Heatmap-Guided Balanced Deep Convolution Networks for Family Classification in the Wild
Aspandi D, Martinez O, Binefa X. Heatmap-Guided Balanced Deep Convolution Networks for Family Classification in the Wild. 14th IEEE International Conference on Automatic Face & Gesture Recognition
Automatic kinship recognition using Computer Vision, which aims to infer the blood relationship between individuals by only comparing their facial features, has started to gain attention recently. The introduction of large kinship datasets, such as Family In The Wild (FIW), has allowed large scale dataset modeling using state of the art deep learning models.
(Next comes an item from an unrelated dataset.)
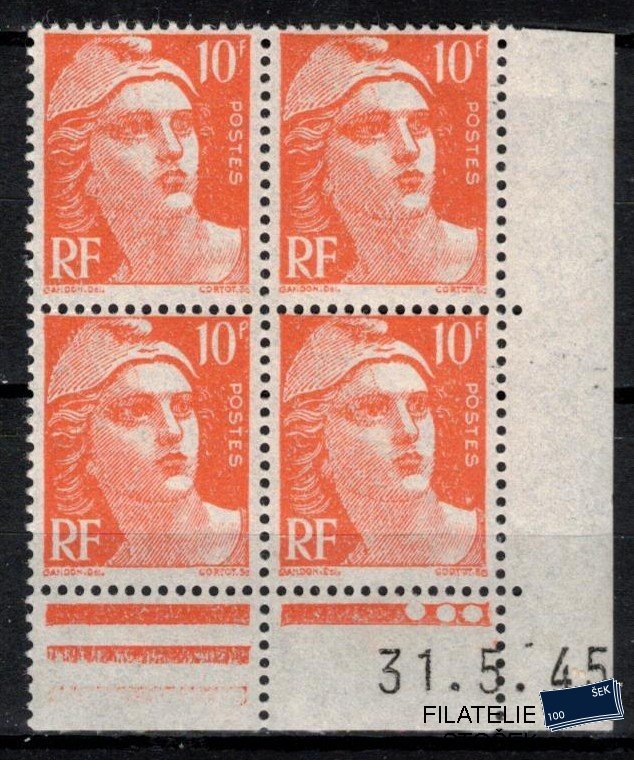 Francie známky Yv 722 31.5.1945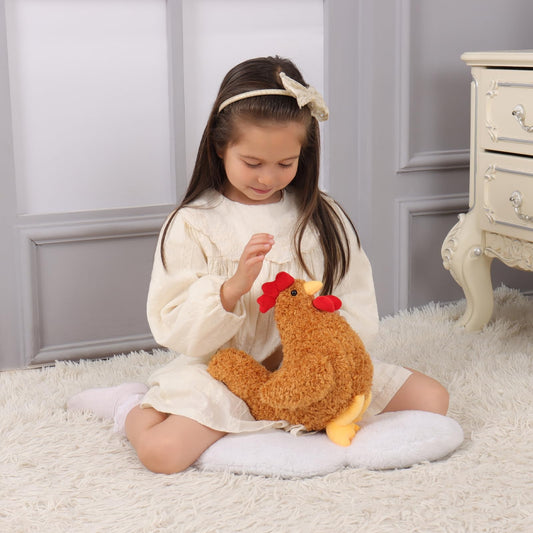 Apricot Lamb Ginger Rooster side view highlights compact 10-inch size for travel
Among other kinship recognition tasks, family classification task is lacking any significant progress due to its increasing difficulty in relation to the family member size. Furthermore, most current state of-the-art approaches do not perform any data pre-processing (which try to improve models accuracy) and are trained without a regularizer (which results in models susceptible to overfitting). In this paper, we present the Deep Family Classifier (DFC), a deep learning model for family classification in the wild. We build our model by combining two sub-networks: internal Image Feature Enhancer which operates by removing the image noise and provides an additional facial heatmap layer and Family Class Estimator trained with strong regularizers and a compound loss. We observe progressive improvement in accuracy during the validation phase, with a state of the art results of 16.89% is obtained for the track 2 in the RFIW2019 challenge and 17.08% of familly classification task on FIW dataset.